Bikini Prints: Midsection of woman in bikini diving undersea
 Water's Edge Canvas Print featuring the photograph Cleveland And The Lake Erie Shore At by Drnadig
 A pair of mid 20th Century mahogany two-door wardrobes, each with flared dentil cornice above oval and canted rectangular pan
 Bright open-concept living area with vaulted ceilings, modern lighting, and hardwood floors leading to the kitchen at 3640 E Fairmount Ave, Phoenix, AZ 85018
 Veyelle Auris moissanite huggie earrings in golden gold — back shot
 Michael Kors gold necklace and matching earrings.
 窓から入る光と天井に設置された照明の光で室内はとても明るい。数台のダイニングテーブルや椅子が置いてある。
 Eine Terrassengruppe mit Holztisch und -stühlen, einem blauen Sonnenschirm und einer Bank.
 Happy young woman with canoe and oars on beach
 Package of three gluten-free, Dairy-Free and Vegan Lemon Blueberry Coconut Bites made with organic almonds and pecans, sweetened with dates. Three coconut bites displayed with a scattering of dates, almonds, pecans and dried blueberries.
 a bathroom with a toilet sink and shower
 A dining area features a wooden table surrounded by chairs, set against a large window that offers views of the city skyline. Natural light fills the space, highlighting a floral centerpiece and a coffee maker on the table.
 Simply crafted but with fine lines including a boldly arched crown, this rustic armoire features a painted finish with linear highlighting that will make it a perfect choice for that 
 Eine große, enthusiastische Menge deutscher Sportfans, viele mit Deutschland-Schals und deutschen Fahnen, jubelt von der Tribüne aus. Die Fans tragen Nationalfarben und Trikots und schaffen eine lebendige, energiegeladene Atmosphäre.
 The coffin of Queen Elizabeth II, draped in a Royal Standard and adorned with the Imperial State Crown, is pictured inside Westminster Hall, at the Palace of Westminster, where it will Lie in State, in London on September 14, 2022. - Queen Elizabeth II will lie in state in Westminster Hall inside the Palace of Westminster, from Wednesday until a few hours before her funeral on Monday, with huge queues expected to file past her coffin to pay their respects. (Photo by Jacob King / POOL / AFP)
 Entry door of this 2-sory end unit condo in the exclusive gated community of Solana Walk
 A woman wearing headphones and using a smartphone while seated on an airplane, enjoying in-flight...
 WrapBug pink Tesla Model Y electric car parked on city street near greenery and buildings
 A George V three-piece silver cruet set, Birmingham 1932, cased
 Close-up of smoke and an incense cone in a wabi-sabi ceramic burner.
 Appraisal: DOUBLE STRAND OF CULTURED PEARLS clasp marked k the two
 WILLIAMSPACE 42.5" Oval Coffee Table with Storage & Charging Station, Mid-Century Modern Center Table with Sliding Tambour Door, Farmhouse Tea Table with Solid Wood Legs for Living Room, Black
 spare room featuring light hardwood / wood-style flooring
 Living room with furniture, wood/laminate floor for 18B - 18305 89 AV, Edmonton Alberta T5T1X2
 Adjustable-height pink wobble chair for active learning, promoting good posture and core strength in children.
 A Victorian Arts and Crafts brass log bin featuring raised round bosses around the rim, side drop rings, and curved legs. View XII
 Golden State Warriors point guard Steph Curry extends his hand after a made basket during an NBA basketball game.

• TASK DESCRIPTION:
Pull every line containing "earrings" out of the data above.

• ANSWER SPACE:
 Veyelle Auris moissanite huggie earrings in golden gold — back shot
 Michael Kors gold necklace and matching earrings.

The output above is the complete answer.